Written and directed by Robert Celestino, the tight, character-driven drama about a con man willing to gamble on just about everything except his only child who has Down syndrome, begins a theatrical run today at the FilmCenter.

Chazz Palminteri is the Joe of the title. Along with a team of the usual yet compelling suspects, he lives off modest scams. He and his cohort, including girlfriend Janice, work the craps tables in Atlantic City. They stage poker games. They fix dice and palm cards. It’s not flashy, but it pays the mortgage.

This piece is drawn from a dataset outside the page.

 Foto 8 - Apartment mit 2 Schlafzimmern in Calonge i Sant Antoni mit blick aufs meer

It also pays for Joe Jr.’s care at an institution. Only Yonkers Joe’s high-functioning son is nearing 21 and must move to a group home. He doesn’t want to.

Palminteri isn’t afraid to be unpleasant. Joe is selfish, distant, constantly furious at his son.

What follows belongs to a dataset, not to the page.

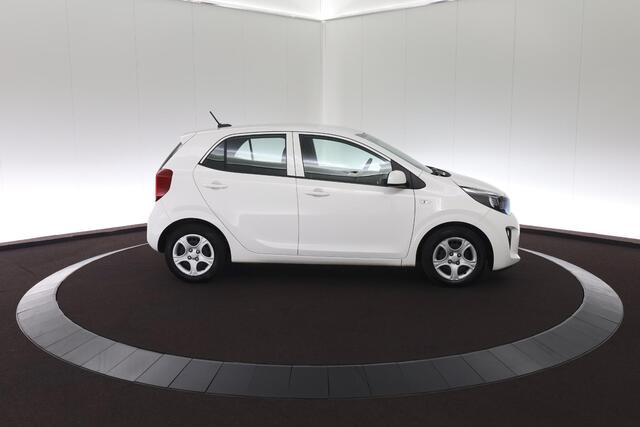 KIA PICANTO 1.0 DPi ComfortLine 5-zits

Joe Jr. is angry right back.

Celestino based his con men on the guys who took him under their wings as a young man. His interest in the scam hints at David Mamet- style intrigue but without the precious patois.

If the con camaraderie feels familiar, the struggle of a father to accept his son — and vice versa — holds some fine surprises.

At first, Tom Guiry’s performance as Joe Jr. was distracting. Having seen Ilana Tractman’s remarkable documentary “Praying With Lior” about a “high-functioning” Down syndrome youth preparing for his bar mitzvah, Guiry’s fluidity with language rang false. Not, however, his grasp of Joe Jr.’s emotional depths.

As Janice, Christine Lahti is the pivot between father and son. The scenes between Janice and Joe Jr. are sweet, harrowing, movie-altering.


“Yonkers Joe”

Written and directed by Robert Celestino. Photography by Michael Fimognari. Starring Chazz Palminteri, Christine Lahti, Thomas Guiry, Michael Lerner, Linus Roache, Michael Rispoli. Rated R for language including sexual references. 102 minutes. Starz FilmCenter.